Google is scrapping its plans to offer banking services directly to users.

The shift comes nearly two years after the company first announced its banking plans and several months after a key executive leading the project departed.

In 2020, Google said it would let users open a bank account through its Google Pay app, in a partnership with Citigroup and Stanford Federal Credit Union beginning in 2021. At the time, Google said it would offer a service called "Plex" checking and savings accounts that would have no monthly fees, overdraft charges or minimum balance requirements. Users would have also been able to request a physical debit card, which would have run on Mastercard's network, the company told CNBC at the time. 

The Wall Street Journal first reported news of the scrapped plans Friday, stating a series of reportedly missed deadlines along with the departure of the Google Pay executive overseeing the project caused it to begin to fold. 

A Google spokesperson confirmed the report to CNBC but declined to comment on the executive's departure effect.

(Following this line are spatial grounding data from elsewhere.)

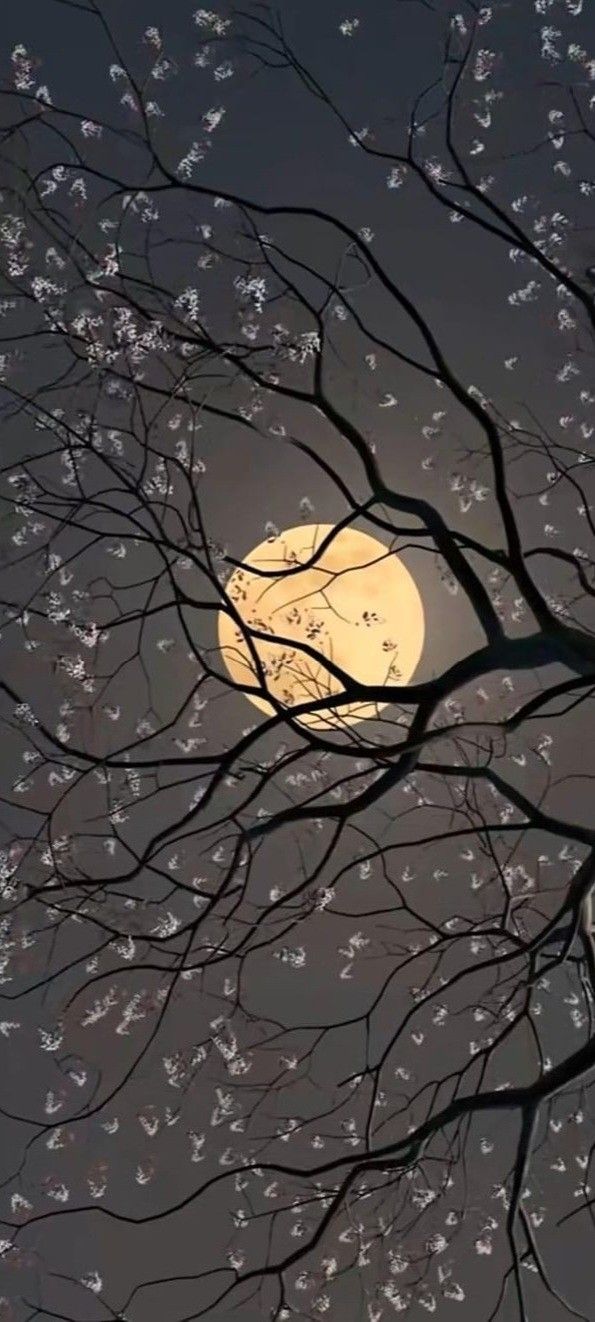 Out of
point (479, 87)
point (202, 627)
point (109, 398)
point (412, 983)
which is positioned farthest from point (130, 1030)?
point (479, 87)

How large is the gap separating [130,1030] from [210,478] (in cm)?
246

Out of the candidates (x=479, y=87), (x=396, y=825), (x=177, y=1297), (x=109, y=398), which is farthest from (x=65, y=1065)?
(x=479, y=87)

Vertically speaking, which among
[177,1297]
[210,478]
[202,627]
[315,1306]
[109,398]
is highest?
[210,478]

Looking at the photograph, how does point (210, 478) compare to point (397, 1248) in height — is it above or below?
above

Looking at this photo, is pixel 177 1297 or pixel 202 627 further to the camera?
pixel 177 1297

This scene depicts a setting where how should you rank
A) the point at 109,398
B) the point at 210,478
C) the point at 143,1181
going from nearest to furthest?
1. the point at 109,398
2. the point at 210,478
3. the point at 143,1181

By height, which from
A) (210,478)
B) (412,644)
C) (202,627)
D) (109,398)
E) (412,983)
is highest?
(210,478)

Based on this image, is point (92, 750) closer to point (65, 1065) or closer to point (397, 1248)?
point (65, 1065)

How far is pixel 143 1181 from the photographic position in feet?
20.2

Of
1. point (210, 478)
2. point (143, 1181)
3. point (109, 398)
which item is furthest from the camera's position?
point (143, 1181)

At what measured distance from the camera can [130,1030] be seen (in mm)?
6082

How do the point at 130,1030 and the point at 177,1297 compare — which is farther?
the point at 177,1297

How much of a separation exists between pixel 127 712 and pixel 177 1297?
2.88m

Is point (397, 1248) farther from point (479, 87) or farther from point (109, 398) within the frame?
point (479, 87) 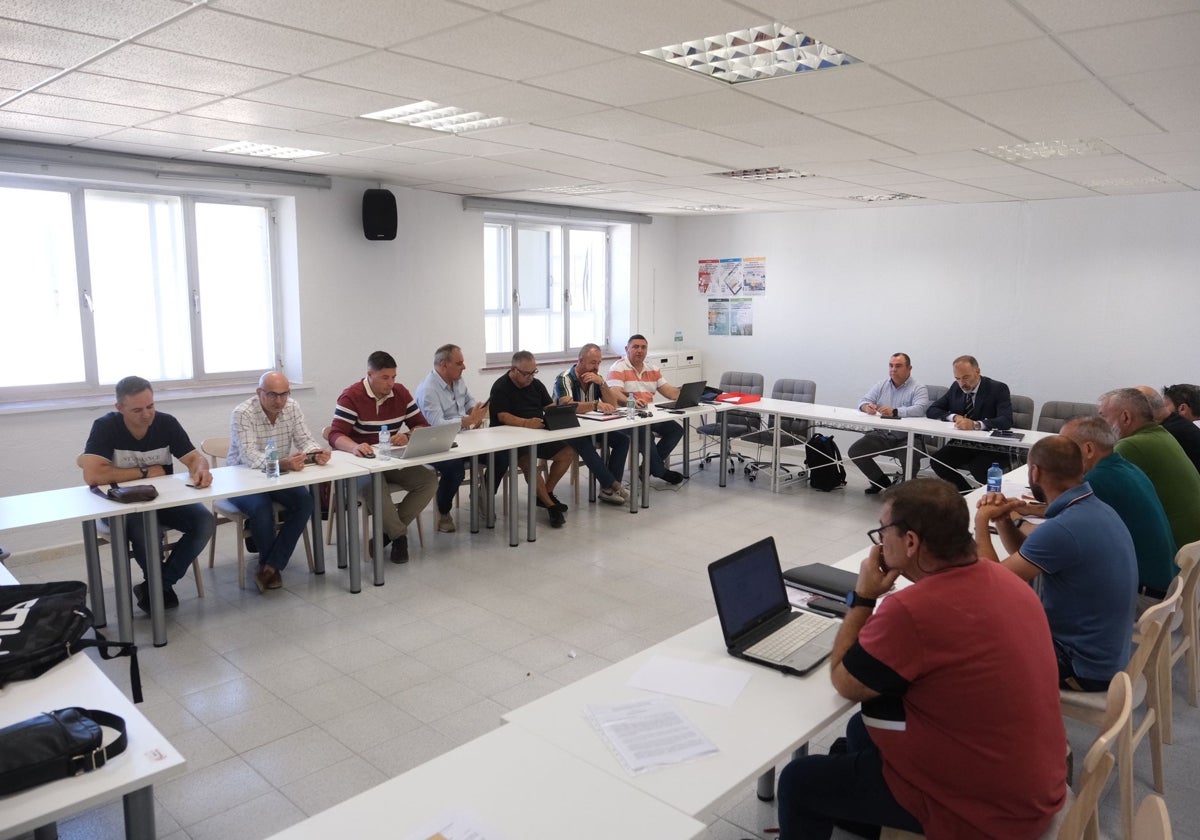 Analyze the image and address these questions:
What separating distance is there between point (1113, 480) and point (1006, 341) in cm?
510

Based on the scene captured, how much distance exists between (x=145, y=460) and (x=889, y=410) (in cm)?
559

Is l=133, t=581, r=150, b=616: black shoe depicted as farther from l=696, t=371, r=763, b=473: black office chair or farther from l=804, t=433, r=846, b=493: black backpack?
l=804, t=433, r=846, b=493: black backpack

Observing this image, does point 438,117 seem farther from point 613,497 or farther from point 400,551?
point 613,497

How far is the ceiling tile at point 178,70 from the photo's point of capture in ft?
10.0

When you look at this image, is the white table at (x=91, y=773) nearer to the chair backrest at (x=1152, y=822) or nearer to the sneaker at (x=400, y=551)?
the chair backrest at (x=1152, y=822)

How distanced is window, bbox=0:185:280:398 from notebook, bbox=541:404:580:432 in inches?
98.9

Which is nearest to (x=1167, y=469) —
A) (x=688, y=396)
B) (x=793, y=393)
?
(x=688, y=396)

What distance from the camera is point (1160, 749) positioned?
2893mm

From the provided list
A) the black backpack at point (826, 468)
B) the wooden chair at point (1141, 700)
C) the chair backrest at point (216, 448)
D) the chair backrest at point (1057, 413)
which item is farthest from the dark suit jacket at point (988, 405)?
the chair backrest at point (216, 448)

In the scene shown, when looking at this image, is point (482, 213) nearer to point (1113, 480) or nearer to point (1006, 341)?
point (1006, 341)

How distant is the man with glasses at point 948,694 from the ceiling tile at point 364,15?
201 centimetres

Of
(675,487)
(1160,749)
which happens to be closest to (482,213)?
(675,487)

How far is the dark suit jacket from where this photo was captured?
6.54 meters

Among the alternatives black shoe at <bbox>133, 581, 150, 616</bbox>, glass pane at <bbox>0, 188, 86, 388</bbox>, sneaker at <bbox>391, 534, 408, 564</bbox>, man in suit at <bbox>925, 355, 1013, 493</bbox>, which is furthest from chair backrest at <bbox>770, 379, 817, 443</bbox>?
glass pane at <bbox>0, 188, 86, 388</bbox>
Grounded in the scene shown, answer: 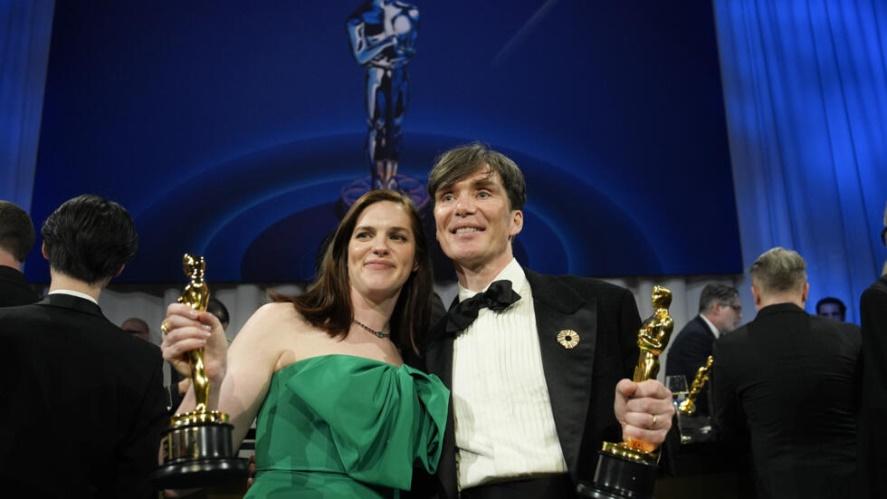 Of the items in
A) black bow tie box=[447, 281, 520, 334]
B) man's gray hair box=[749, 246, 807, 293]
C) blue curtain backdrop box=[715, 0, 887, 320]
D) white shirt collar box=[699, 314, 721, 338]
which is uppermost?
blue curtain backdrop box=[715, 0, 887, 320]

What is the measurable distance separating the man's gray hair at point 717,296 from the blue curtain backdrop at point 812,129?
132 cm

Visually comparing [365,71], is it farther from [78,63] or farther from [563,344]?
[563,344]

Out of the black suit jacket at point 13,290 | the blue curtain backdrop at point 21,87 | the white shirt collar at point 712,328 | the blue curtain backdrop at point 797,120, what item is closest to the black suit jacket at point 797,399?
the white shirt collar at point 712,328

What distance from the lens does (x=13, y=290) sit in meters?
2.77

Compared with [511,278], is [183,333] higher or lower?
lower

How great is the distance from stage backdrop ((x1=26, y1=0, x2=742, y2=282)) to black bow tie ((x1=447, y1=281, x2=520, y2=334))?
387 cm

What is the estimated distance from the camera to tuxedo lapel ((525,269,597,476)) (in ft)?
6.65

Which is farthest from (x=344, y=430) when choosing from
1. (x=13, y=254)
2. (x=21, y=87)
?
(x=21, y=87)

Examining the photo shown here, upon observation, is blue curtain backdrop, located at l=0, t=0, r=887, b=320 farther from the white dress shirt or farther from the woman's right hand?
the woman's right hand

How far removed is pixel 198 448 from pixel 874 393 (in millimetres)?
2253

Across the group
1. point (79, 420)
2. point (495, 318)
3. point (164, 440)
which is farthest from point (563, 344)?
point (79, 420)

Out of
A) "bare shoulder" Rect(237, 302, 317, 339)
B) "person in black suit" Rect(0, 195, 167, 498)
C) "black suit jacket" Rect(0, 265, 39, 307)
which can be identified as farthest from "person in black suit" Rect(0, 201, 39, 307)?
"bare shoulder" Rect(237, 302, 317, 339)

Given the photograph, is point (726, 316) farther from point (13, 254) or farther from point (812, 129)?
point (13, 254)

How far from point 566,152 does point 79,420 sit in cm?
497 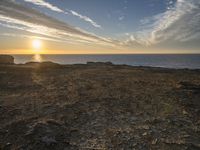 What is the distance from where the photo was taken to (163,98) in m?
15.7

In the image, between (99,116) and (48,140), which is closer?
(48,140)

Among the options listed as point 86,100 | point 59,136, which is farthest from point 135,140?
point 86,100

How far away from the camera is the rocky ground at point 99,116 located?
30.9 ft

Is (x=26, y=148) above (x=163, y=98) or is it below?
below

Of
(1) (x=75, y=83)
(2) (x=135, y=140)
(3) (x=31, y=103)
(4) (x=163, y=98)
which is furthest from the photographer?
(1) (x=75, y=83)

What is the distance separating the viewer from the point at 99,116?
40.9 ft

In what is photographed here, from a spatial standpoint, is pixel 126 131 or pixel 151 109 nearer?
pixel 126 131

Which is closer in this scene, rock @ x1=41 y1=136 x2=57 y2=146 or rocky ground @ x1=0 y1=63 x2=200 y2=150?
rock @ x1=41 y1=136 x2=57 y2=146

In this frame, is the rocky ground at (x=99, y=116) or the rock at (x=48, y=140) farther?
the rocky ground at (x=99, y=116)

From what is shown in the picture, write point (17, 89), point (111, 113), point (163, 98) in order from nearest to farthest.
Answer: point (111, 113) → point (163, 98) → point (17, 89)

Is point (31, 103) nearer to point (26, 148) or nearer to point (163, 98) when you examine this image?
point (26, 148)

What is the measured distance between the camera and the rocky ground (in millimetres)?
9406

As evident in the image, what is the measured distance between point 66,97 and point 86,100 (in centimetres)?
169

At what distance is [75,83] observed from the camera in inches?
828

"Our work with our partners has made it extremely clear that there's consumer demand for simple, seamless and secure digital payments for online and in-store transactions," the Google spokesperson told CNBC in an email. "We're updating our approach to focus primarily on delivering digital enablement for banks and other financial services providers rather than us serving as the provider of these services."

Google's cloud unit has also made financial services one of its main customer focus areas.

While banks have expressed fear that tech giants will seek to invade consumer finance as they have done with other industries like media and advertising, so far the threat has barely materialized.

Amazon had reportedly explored offering bank accounts to its customers in 2018, a project that has yet to materialize. Uber reined in its fintech ambitions last year with the departure of executive Peter Hazlehurst. Facebook had to rebrand its crypto project amid a series of setbacks.

A notable exception is Apple, which successfully launched a credit card in 2019 with Goldman Sachs and is reportedly exploring a buy now, pay later product with the bank.

Caesar Sengupta, former Google vice president and general manager of Google payments and "Next Billion Users," told CNBC in 2020 that the company was "looking to make banking more relevant for the mobile-first generation," as an explanation for its banking plans.

Sengupta left Google in March to start his own financial tech company called Arbo Works, according to his LinkedIn. Since then, he's appeared to recruit several longtime Google workers to his company, according to LinkedIn and Arbo Works' website.